ABOUT THIS TASK: From the line that contains "32GB Wood USB" down to the last line of the entries, please return everything exactly, except the pictures.
[GIVEN RECORDS]
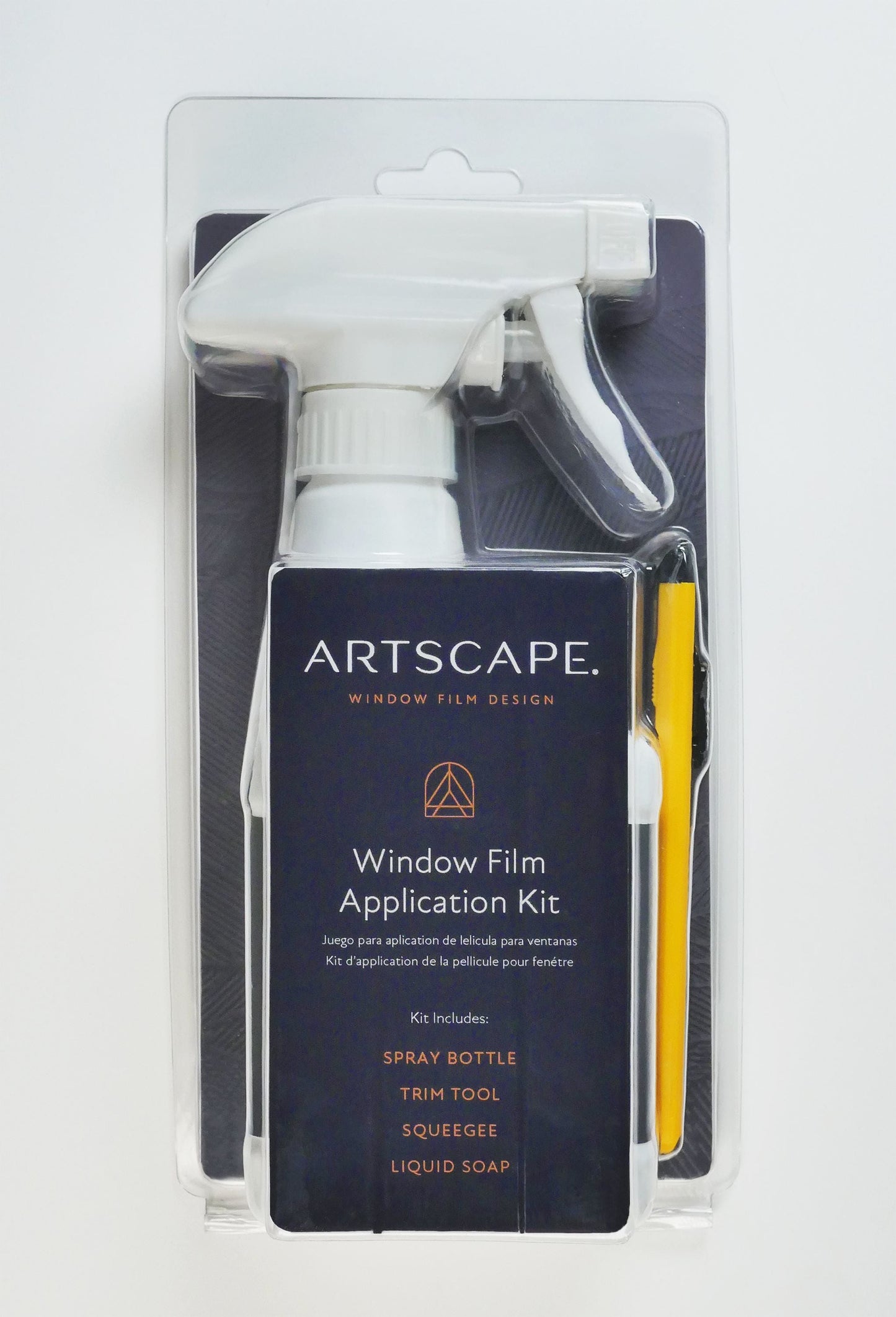 Film Application Kit comprising the following items: Water spray bottle (empty) Sachet of detergent Trimming Knife Squeegee Instruction sheet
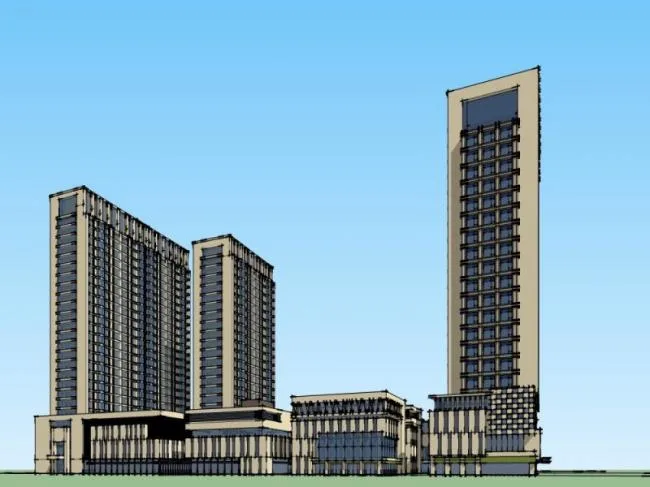 Sketchup Complex Model | Multi story Commercial Complex, Residential, Office, Classical Style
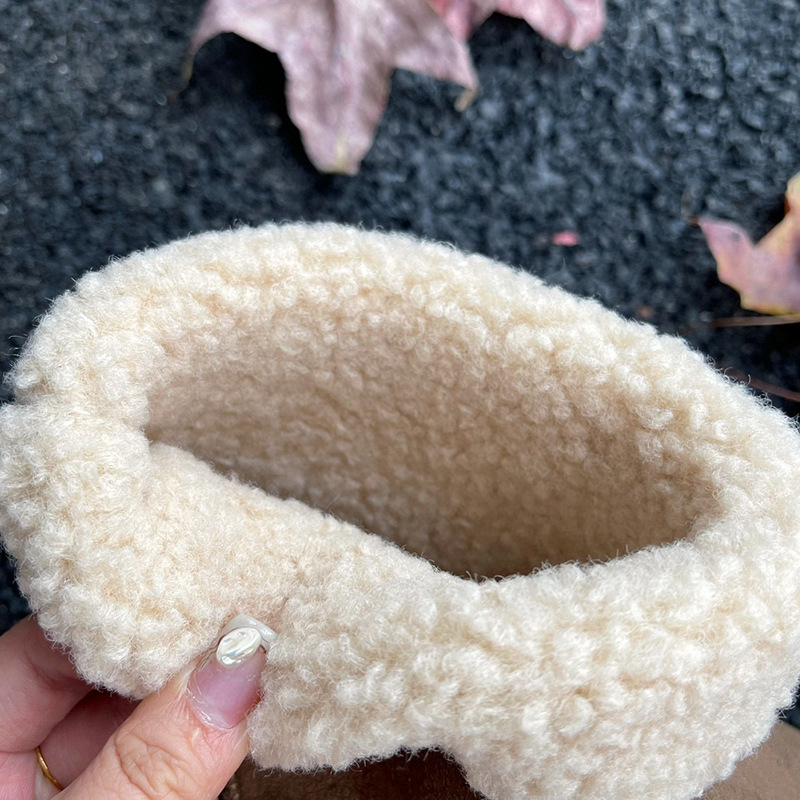 Stivali da neve da donna in vera pelle di pecora 2025, stivaletti invernali foderati in pile in stile britannico, scarpe casual antiscivolo_voghion.com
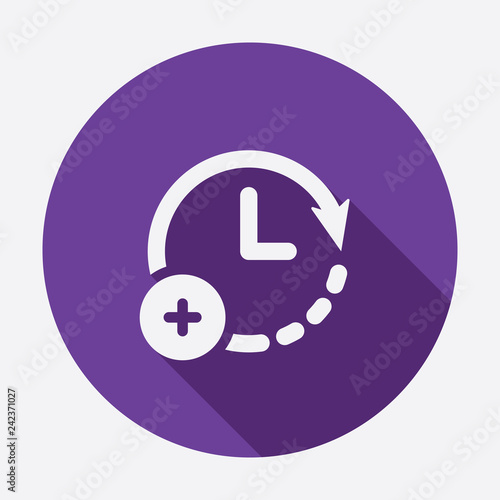 Extra hour, extra time icon. Clock icon with add sign. Clock icon and new, plus, positive symbol. Vector icon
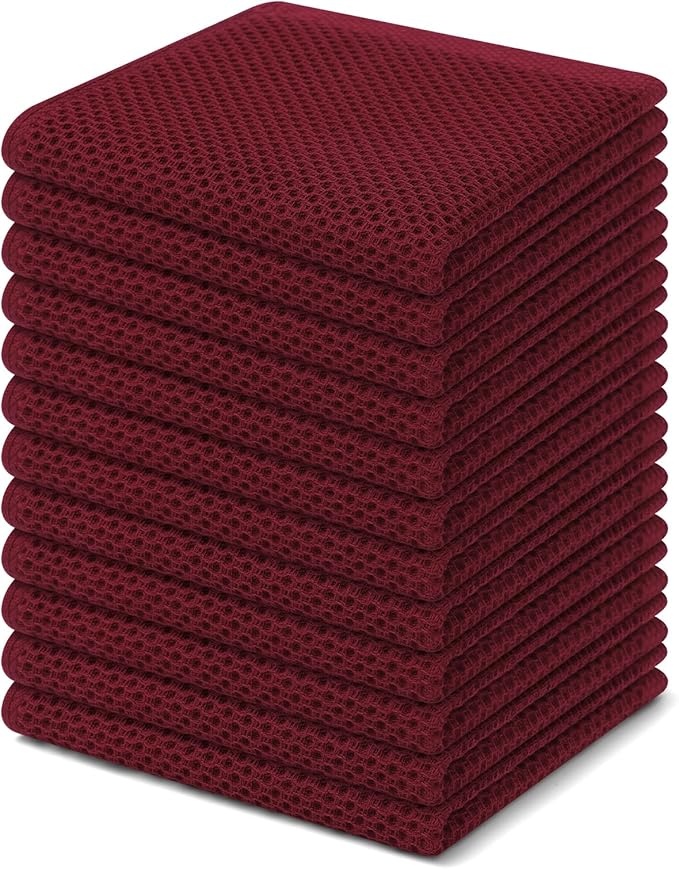 Kitinjoy 100% Cotton Kitchen Dish Cloths, 12 Pack Waffle Weave Ultra Soft Absorbent Dish Towels for Drying Dishes Quick Drying Kitchen Towels Dish Rags, 12 X 12 Inches, Burgundy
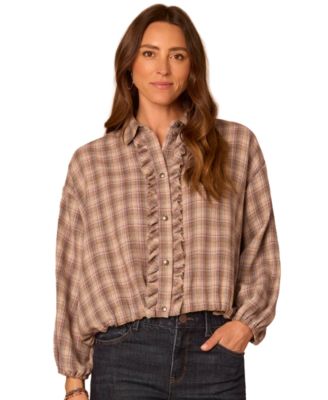 Petite Plaid Ruffle-Front Bubble-Hem Woven Blouse
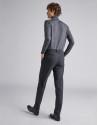 Navy blue checked pants with darts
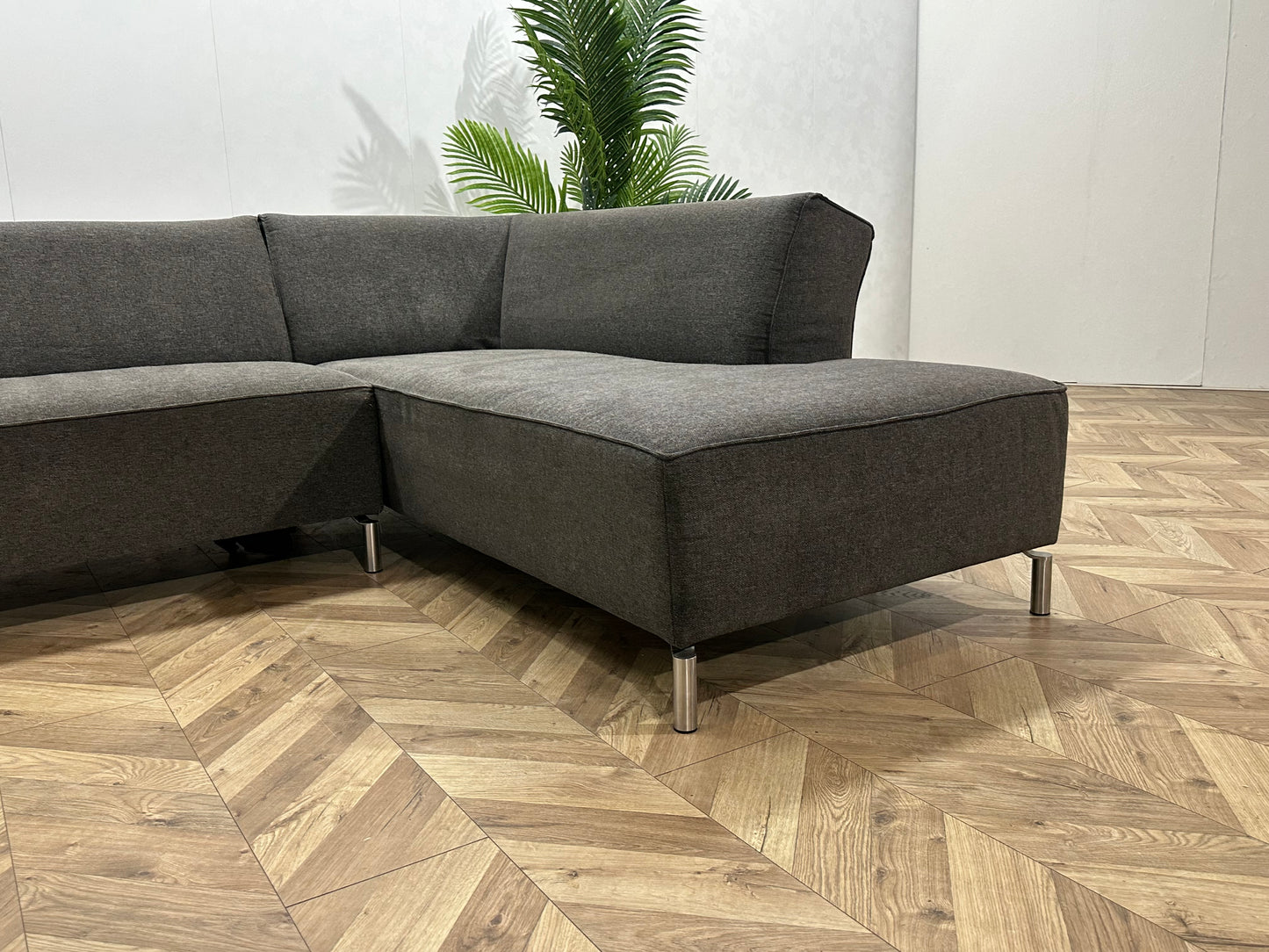 Grijze Design Hoekbank ~ Vaste Kussens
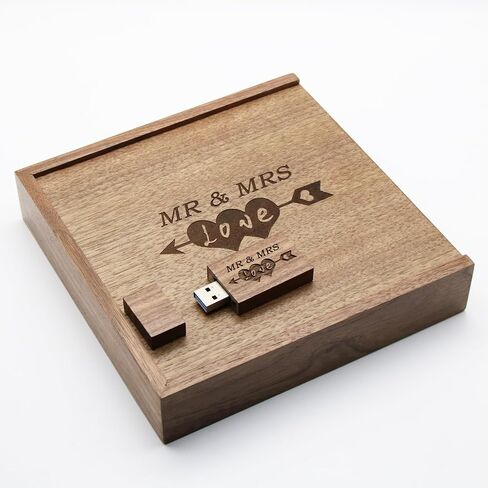 32GB Wood USB 3.0 Flash Drive with Laser Engraved Mr & Mrs Design - 32GB Wooden Heart Shape USB Stick with Box for Wedding, Couple, Parents (Maple) in Kuwait
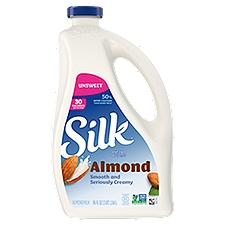 Silk Almond Milk, Unsweet, Dairy Free, Gluten Free, 96 FL ounce Bottle
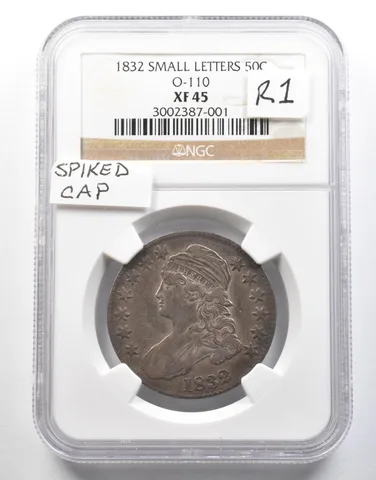 1832 Capped Bust Half Dollar Small Letters O-110 XF45 NGC Spiked Cap R1 a4028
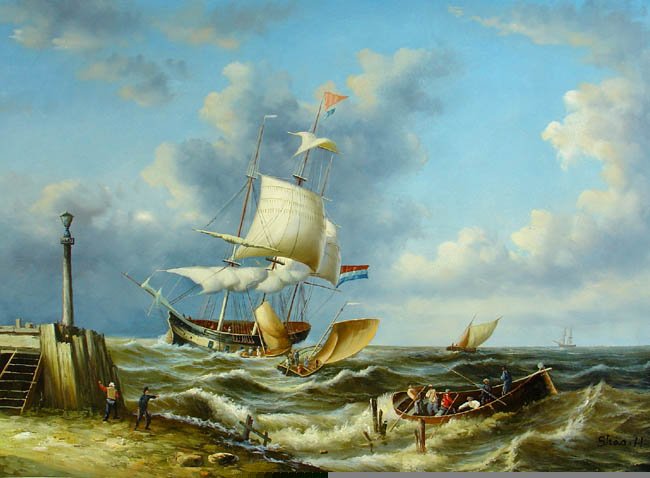 BOAT-SEA 029 OIL PAINTING ON CANVAS 20"X24"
[/GIVEN RECORDS]
ANSWER AREA:
 32GB Wood USB 3.0 Flash Drive with Laser Engraved Mr & Mrs Design - 32GB Wooden Heart Shape USB Stick with Box for Wedding, Couple, Parents (Maple) in Kuwait
 Silk Almond Milk, Unsweet, Dairy Free, Gluten Free, 96 FL ounce Bottle
 1832 Capped Bust Half Dollar Small Letters O-110 XF45 NGC Spiked Cap R1 a4028
 BOAT-SEA 029 OIL PAINTING ON CANVAS 20"X24"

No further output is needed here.